You must also call the base class constructor, passing the input shape
(as a tuple of integers) and the output size (as an integer).
You can train an AlphaZero model using the custom network:
.. code:: bash
run_alpha_zero examples/tic_tac_toe_alpha_zero_custom_oracle.yaml --mode train
NOTE: You can also implement a hard-coded oracle that does not require
training. In that case you only need to implement the basic ``Oracle``
protocol.
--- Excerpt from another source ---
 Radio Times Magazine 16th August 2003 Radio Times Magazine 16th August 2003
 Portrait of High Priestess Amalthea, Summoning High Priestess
Such an oracle can be used for evaluation together with
policies that require an oracle (such as ``MCTSPolicy``), but it is not
sufficient for ``run_alpha_zero`` training because it is not a
``TrainableOracle``. See the implementation of ``RandomRollout`` for an
example of a non-trainable oracle.
What to do next?
================
Edit ``tic_tac_toe_alpha_zero.yaml`` to allow longer training and try
playing against the trained model.
For example, you can modify the following parameters:
- ``oracle. capacity. nn_width``: set to 18 (to increase the model
capacity to learn complex strategies)
- ``collector. number_of_processes``: set to 4 (to speed-up data
collection)
- ``collector. mcts. number_of_simulations``: set to 225 (to obtain
better move evaluations)
- ``collector. number_of_episodes``: set to 100 (to simulate more games
for each training epoch)
- ``collector. max_buffer_length``: set to 10000 (to use more training
examples at once during training)
- ``trainer. max_training_epochs``: set to 100 (to ensure the model is
trained enough for each batch of training examples)
- ``number_of_epochs``: set to 20 (to train the model for longer)
After applying the changes described above, the following results were
obtained in my tests:
- InMemory strategy: After 16 minutes of training, the model achieved
- an average payoff of 0.92, with a 87% win rate and a 5% loss rate
against the random policy;
- an average payoff of 0.36, with a 72% draw rate and a 28% loss
rate against the optimal AlphaBetaPolicy.
- HDF5 strategy: After 8 minutes of training, the model achieved
- an average payoff of 0.85, with a 81% win rate and a 11% loss rate
against the random policy;
- an average payoff of 0.31, with a 62% draw rate and a 38% loss
rate against the optimal AlphaBetaPolicy.